The required output is the exact text of the lines from the line containing "This living room" through the final line below, inclusive, without pictures.

* _INFORMATION SHOWN_:
════════════════════

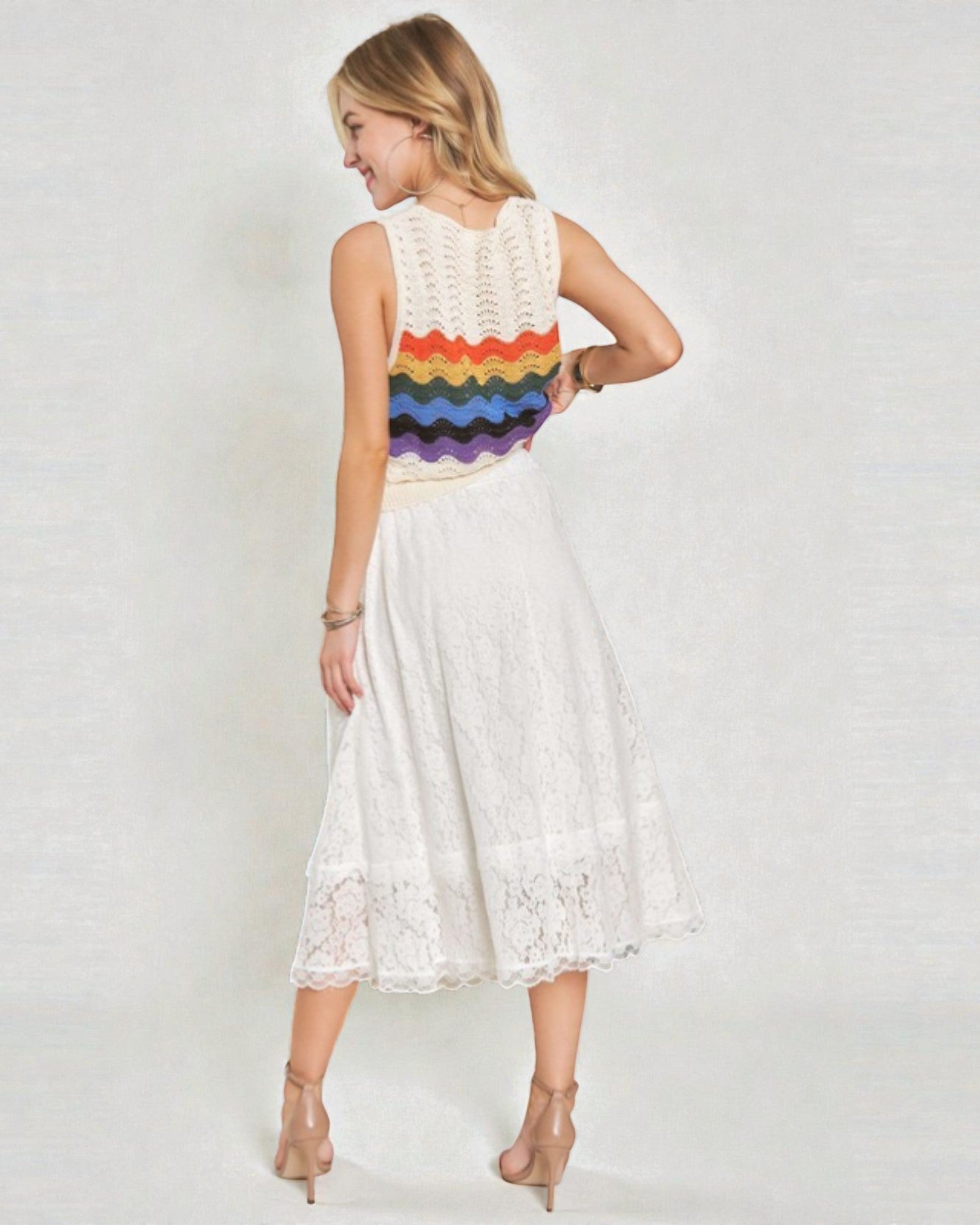Woman wearing a white lace dress with a colorful pattern on a plain background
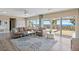 This living room is bright and spacious and has access to the outdoor patio at 1200 N Shore Ne Dr # 102, St Petersburg, FL 33701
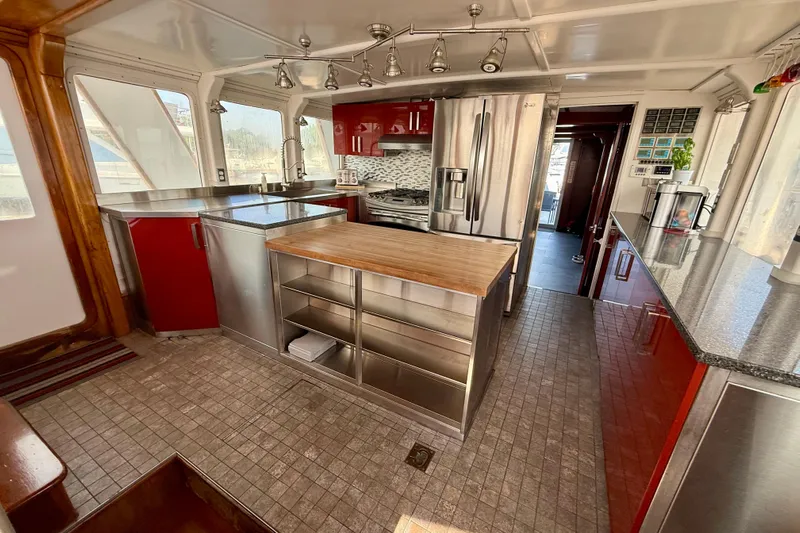  Yacht Photos Pics Luxurious 1994 Custom 60 Trawler kitchen with modern appliances and sleek red cabinetry.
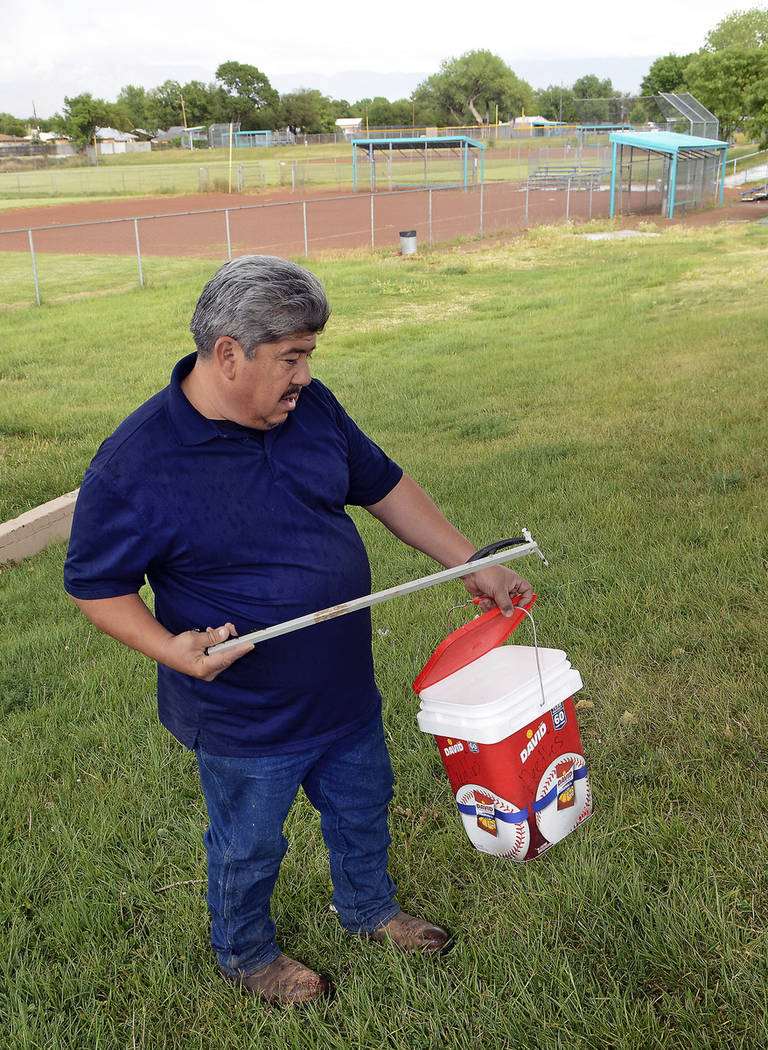 Hector Aguilar uses a claw grabber extension to remove a hypodermic needle from one of the base ...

════════════════════

* _EXERCISE RESULT_:
 This living room is bright and spacious and has access to the outdoor patio at 1200 N Shore Ne Dr # 102, St Petersburg, FL 33701
  Yacht Photos Pics Luxurious 1994 Custom 60 Trawler kitchen with modern appliances and sleek red cabinetry.
 Hector Aguilar uses a claw grabber extension to remove a hypodermic needle from one of the base ...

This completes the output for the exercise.